== Segment start ==
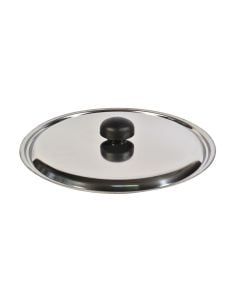 Cooking cover, inox 18/C, Dia.20 cm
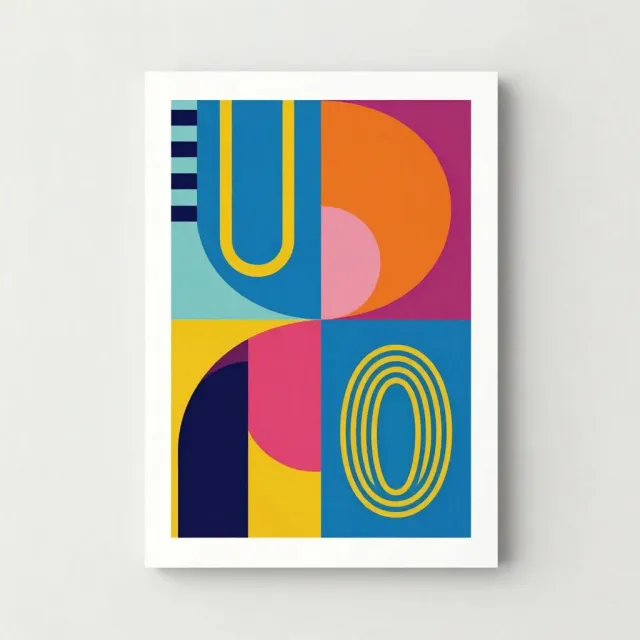 Poster print prep
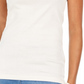 Style & Co Women's Cotton Tank Top White Size Medium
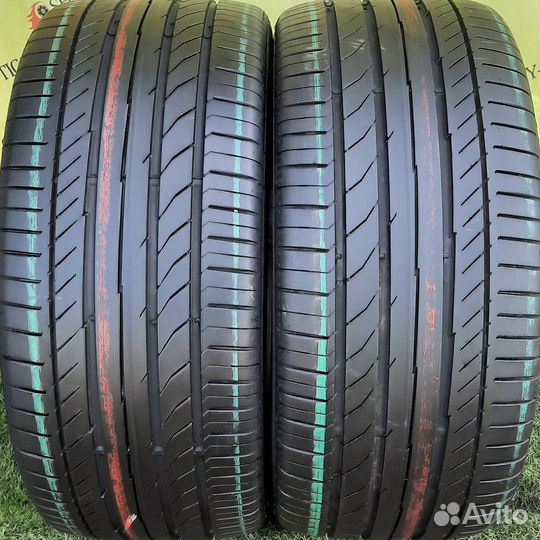 Continental ContiSportContact 5 245/40 R17 91Y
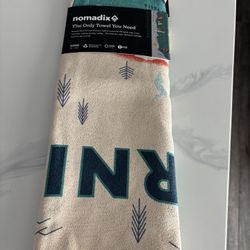 Nomadix Towel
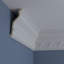 Moulure en couronne Southampton Acanthus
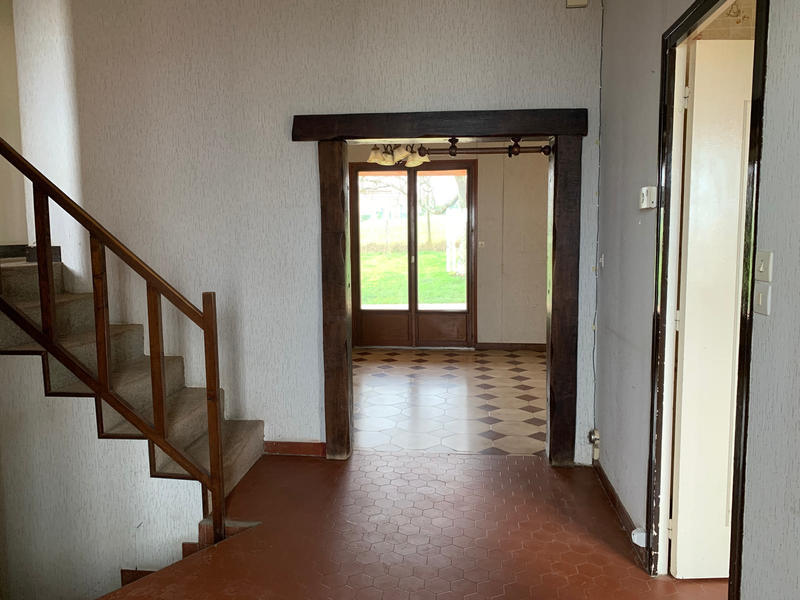 Maison - 94 m² - 5 pièces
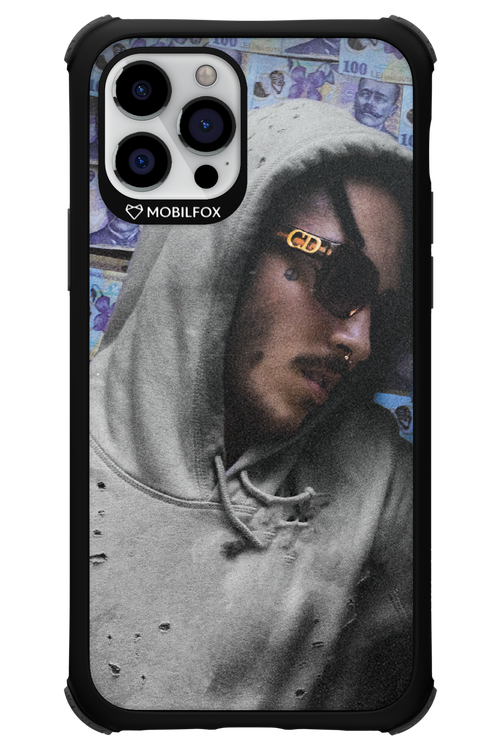 Sute Albastre Cover 2.0 - Apple iPhone 12 Pro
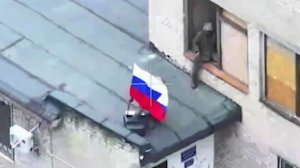 МО РФ: Российские военнослужащие освободили наиболее крупный населенный пункт в юго-западной части Донбасса - город Курахово
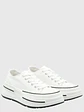 Zapatilla Mujer Blanca Azaleia BEPPOWH - Miniatura 1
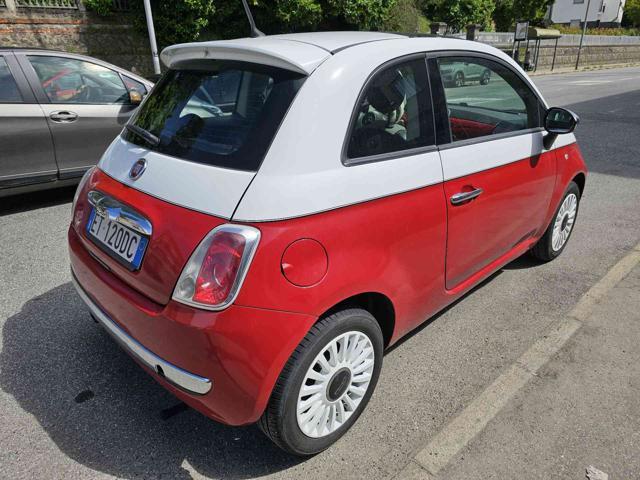 FIAT 500 1.2 Lounge autom.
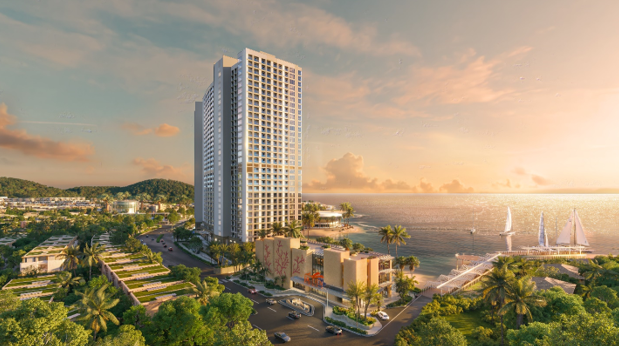 La Ti&ecirc;n Villa l&agrave; khu nh&agrave; gi&agrave;u lưng vịnh thuộc quần thể đ&ocirc; thị đẳng cấp quốc tế Libera Nha Trang 44ha đ&atilde; hiện hữu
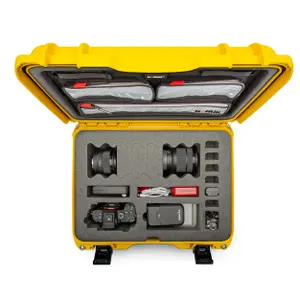 Camera case Nanuk 925 1 body DSLR image-1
== Segment end ==
● **ASSIGNMENT**: Starting at the line that contains "La Ti&ecirc;n Villa", please write out every line to the end of the entries, inclusive, copied exactly and with pictures omitted.

● **RESULT OF THE TASK**:
 La Ti&ecirc;n Villa l&agrave; khu nh&agrave; gi&agrave;u lưng vịnh thuộc quần thể đ&ocirc; thị đẳng cấp quốc tế Libera Nha Trang 44ha đ&atilde; hiện hữu
 Camera case Nanuk 925 1 body DSLR image-1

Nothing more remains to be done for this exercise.